The lines in the listing below are to be given again exactly, starting at the line holding "2023 Gmc Sierra 1500 Denali photo 28" and ending at the line holding "Zimné pneumatiky Bridgestone". Do not include pictures.

--- Record extracts ---

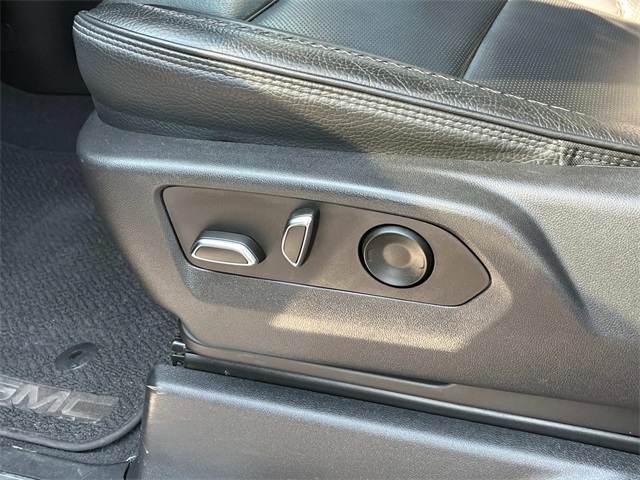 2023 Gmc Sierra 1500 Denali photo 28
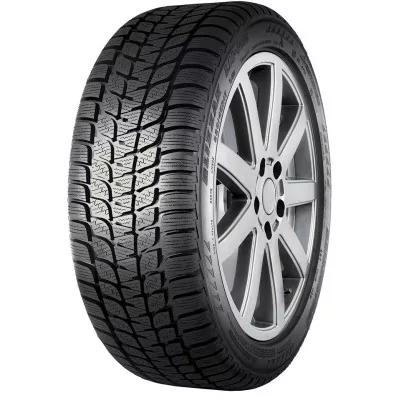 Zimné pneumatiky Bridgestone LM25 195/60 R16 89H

---
--- Record extracts ---

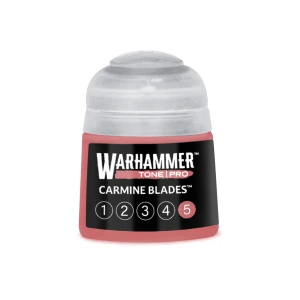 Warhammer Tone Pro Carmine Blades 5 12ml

---

- [Reply to the exercise]:
 2023 Gmc Sierra 1500 Denali photo 28
 Zimné pneumatiky Bridgestone LM25 195/60 R16 89H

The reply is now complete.